RECORDS FOR PROCESSING section start

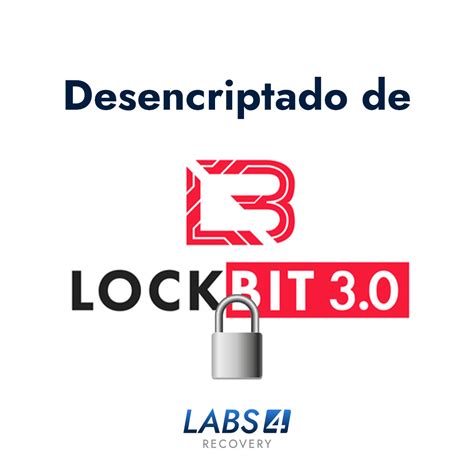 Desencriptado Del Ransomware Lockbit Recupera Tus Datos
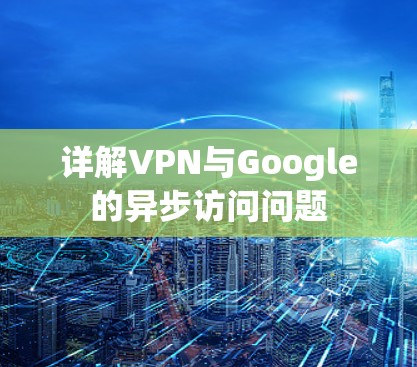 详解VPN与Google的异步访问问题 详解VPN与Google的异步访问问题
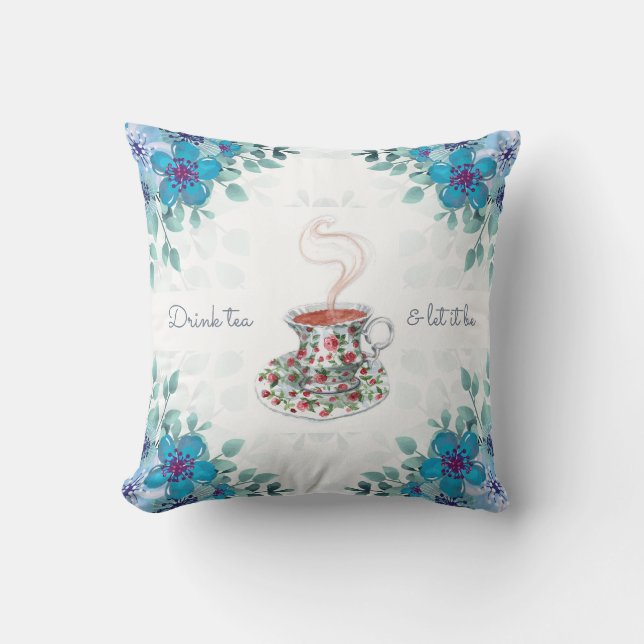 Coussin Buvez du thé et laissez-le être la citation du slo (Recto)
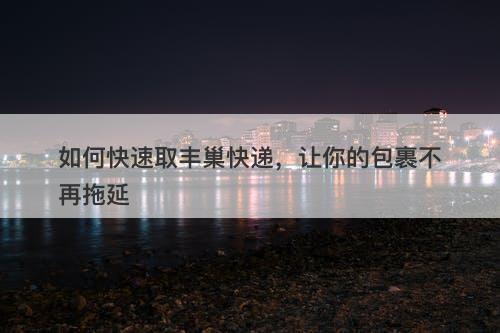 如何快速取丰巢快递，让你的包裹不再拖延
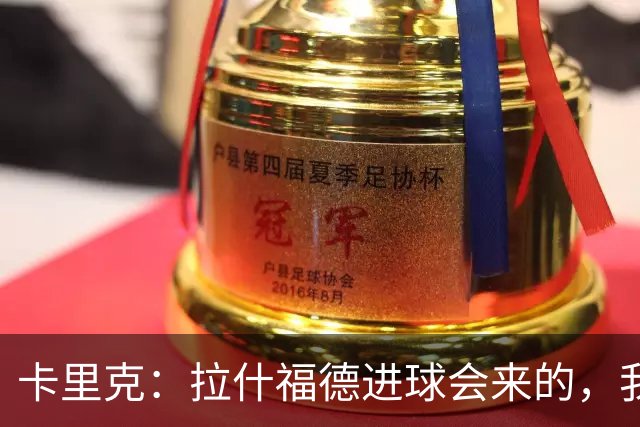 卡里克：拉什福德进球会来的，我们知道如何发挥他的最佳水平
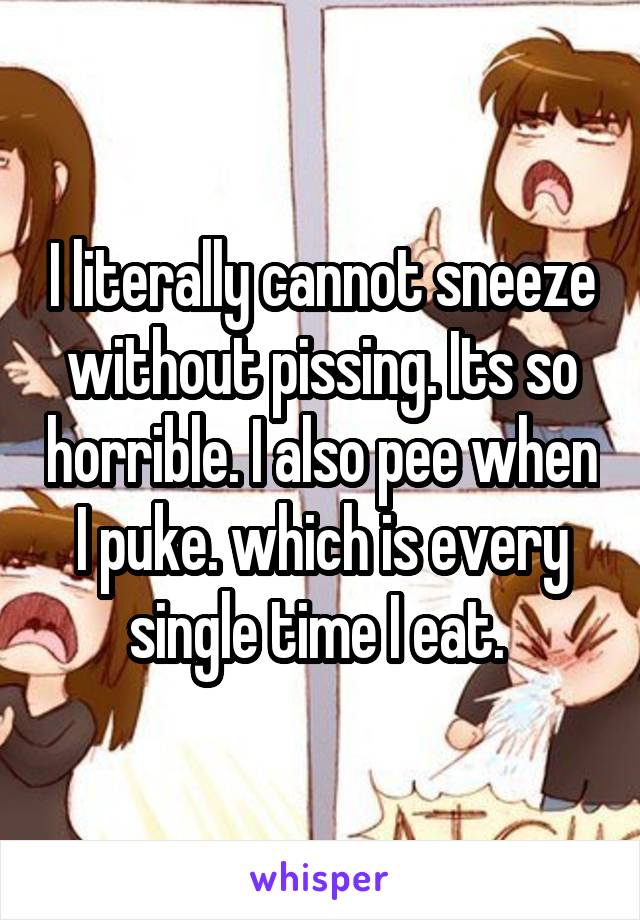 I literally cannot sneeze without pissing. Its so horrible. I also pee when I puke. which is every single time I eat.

RECORDS FOR PROCESSING section end
RECORDS FOR PROCESSING section start

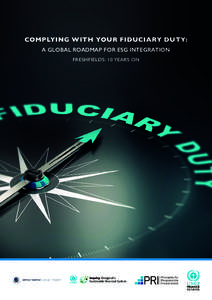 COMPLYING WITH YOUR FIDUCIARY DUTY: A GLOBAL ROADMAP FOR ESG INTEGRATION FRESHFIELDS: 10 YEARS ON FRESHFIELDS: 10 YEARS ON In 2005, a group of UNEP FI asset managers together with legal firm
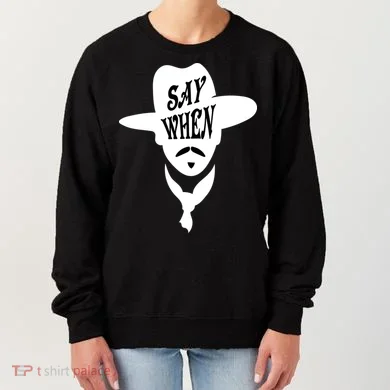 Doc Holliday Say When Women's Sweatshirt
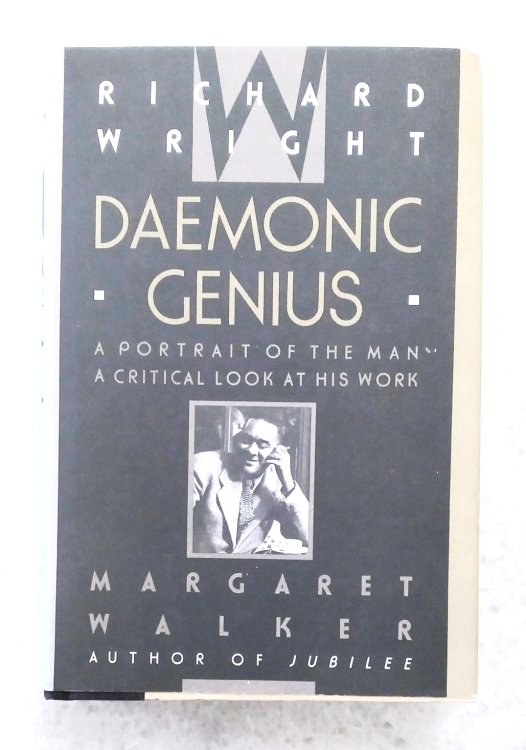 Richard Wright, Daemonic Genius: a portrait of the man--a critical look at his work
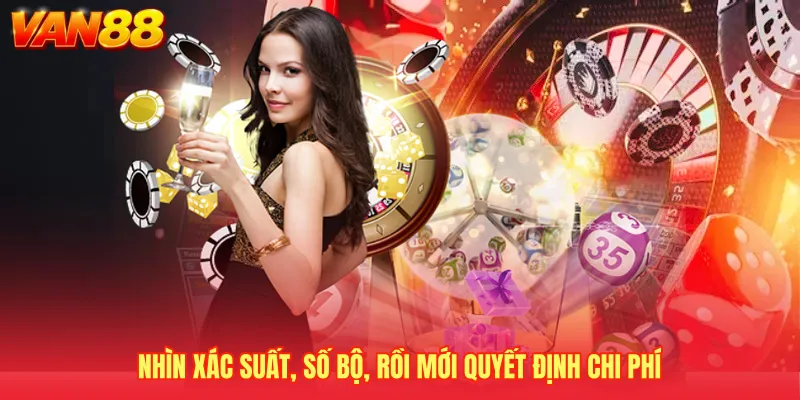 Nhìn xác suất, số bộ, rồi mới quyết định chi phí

RECORDS FOR PROCESSING section end

** WHAT IS REQUIRED **
Transcribe, exactly and without pictures, everything in the data from the line with "详解VPN与Google的异步访问问题 详解VPN与Google的异步访问问题" down to the line with "I literally cannot", both included.

** RESPONSE AREA **
 详解VPN与Google的异步访问问题 详解VPN与Google的异步访问问题
 Coussin Buvez du thé et laissez-le être la citation du slo (Recto)
 如何快速取丰巢快递，让你的包裹不再拖延
 卡里克：拉什福德进球会来的，我们知道如何发挥他的最佳水平
 I literally cannot sneeze without pissing. Its so horrible. I also pee when I puke. which is every single time I eat.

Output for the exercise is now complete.